Let's consider function equivalent for this query:
SELECT (
SELECT SUM(mi.value)
FROM mytable mi
WHERE mi.id <= mo.id
)
FROM mytable mo
ORDER BY
mo.value
This query (that calculates the running SUM) is fast at the beginning and slow at the end, since on each row from mo it should sum all the preceding values which requires rewinding the rowsource.
Time taken to calculate SUM for each row increases as the row numbers increase.
If you make mytable large enough (say, 100,000 rows, as in your example) and run this query you will see that it takes considerable time.
However, if you apply TOP 5000 to this query you will see that it completes much faster than 1/20 of the time required for the full table.
Most probably, something similar happens in your case too.
To say something more definitely, I need to see the function definition.
Update:
SQL Server can push predicates into the function.
For instance, I just created this TVF:
CREATE FUNCTION fn_test()
RETURNS TABLE
AS
RETURN (
SELECT *
FROM master
);
These queries:
SELECT *
FROM fn_test()
WHERE name = #name
SELECT TOP 1000 *
FROM fn_test()
WHERE name = #name
yield different execution plans (the first one uses clustered scan, the second one uses an index seek with a TOP)
I had the same problem, a simple query joining five tables returning 1000 rows took two minutes to complete. When I added "TOP 10000" to it it completed in less than one second. It turned out that the clustered index on one of the tables was heavily fragmented.
After rebuilding the index the query now completes in less than a second.
Your TOP has no ORDER BY, so it's simply the same as SET ROWCOUNT 6000 first. An ORDER BY would require all rows to be evaluated first, and it's would take a lot longer.
If dbo.some_table_function is a inline table valued udf, then it's simply a macro that's expanded so it returns the first 6000 rows as mentioned in no particular order.
If the udf is multi valued, then it's a black box and will always pull in the full dataset before filtering. I don't think this is happening.

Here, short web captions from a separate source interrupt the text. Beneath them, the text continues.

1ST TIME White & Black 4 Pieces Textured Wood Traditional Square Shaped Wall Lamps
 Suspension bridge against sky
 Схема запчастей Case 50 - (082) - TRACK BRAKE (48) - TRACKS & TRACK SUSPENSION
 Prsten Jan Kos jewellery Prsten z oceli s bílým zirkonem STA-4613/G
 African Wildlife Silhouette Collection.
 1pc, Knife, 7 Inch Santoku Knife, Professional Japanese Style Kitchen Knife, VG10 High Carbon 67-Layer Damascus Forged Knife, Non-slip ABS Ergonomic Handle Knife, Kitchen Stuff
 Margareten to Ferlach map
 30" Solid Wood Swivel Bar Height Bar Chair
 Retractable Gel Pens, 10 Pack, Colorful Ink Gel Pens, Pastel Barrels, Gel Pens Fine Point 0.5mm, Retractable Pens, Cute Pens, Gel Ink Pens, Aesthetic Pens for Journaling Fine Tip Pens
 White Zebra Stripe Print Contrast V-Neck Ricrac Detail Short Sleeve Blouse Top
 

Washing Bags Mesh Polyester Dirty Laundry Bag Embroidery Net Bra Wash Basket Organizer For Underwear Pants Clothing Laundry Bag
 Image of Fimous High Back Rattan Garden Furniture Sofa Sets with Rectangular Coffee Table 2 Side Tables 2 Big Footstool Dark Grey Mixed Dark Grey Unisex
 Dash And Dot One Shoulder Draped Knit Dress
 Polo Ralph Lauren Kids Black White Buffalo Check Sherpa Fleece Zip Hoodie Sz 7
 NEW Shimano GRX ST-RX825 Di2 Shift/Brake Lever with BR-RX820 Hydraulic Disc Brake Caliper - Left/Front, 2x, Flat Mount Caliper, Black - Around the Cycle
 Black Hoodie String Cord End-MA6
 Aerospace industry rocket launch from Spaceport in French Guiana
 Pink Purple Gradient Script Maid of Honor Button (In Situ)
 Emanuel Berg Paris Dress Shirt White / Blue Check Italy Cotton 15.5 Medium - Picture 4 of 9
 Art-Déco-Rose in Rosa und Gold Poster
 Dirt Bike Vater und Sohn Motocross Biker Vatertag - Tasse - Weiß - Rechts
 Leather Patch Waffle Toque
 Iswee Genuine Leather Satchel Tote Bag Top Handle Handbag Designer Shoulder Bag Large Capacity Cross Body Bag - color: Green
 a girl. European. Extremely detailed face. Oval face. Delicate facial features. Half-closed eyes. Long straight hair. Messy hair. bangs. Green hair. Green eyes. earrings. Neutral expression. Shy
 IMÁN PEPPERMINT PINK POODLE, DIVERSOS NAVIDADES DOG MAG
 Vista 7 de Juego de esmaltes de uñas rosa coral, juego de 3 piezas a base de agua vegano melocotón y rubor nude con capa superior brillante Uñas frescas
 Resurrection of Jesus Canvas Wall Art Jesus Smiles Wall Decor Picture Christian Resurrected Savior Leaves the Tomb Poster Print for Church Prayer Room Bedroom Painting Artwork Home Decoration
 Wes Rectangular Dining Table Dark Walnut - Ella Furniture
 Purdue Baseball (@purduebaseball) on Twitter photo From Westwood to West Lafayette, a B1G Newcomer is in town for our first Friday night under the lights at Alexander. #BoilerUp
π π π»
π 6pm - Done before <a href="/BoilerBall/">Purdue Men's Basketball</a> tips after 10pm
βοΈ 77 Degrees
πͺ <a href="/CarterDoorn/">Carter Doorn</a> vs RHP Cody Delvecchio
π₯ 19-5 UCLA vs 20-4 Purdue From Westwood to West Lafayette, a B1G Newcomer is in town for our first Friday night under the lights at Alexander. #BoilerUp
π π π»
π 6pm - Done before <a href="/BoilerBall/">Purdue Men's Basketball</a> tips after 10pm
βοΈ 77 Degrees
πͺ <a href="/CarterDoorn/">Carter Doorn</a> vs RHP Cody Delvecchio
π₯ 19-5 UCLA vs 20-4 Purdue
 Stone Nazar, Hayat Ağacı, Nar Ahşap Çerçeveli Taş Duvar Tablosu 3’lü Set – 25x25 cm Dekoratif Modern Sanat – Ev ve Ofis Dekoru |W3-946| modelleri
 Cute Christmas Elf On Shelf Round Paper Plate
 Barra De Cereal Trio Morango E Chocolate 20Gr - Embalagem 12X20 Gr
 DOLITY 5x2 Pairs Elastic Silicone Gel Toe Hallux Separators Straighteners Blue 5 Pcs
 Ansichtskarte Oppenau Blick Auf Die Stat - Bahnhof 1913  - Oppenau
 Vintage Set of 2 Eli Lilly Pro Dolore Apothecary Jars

Not directly related, but another SO question on TVFs
You may be running into something as simple as caching here - perhaps (for whatever reason) the "TOP" query is cached? Using an index that the other isn't?
In any case the best way to quench your curiosity is to examine the full execution plan for both queries. You can do this right in SQL Management Console and it'll tell you EXACTLY what operations are being completed and how long each is predicted to take.
All SQL implementations are quirky in their own way - SQL Server's no exception. These kind of "whaaaaaa?!" moments are pretty common. ;^)
It's not necessarily true that the whole table is processed if col1 has an index.
The SQL optimization will choose whether or not to use an index. Perhaps your "TOP" is forcing it to use the index.
If you are using the MSSQL Query Analyzer (The name escapes me) hit Ctrl-K. This will show the execution plan for the query instead of executing it. Mousing over the icons will show the IO/CPU usage, I believe.
I bet one is using an index seek, while the other isn't.
If you have a generic client:
SET SHOWPLAN_ALL ON;
GO
select ...;
go
see http://msdn.microsoft.com/en-us/library/ms187735.aspx for details.
I think Quassnois' suggestion seems very plausible. By adding TOP 6000 you are implicitly giving the optimizer a hint that a fairly small subset of the 200,000 rows are going to be returned. The optimizer then uses an index seek instead of an clustered index scan or table scan.
Another possible explanation could caching, as Jim davis suggests. This is fairly easy to rule out by running the queries again. Try running the one with TOP 6000 first.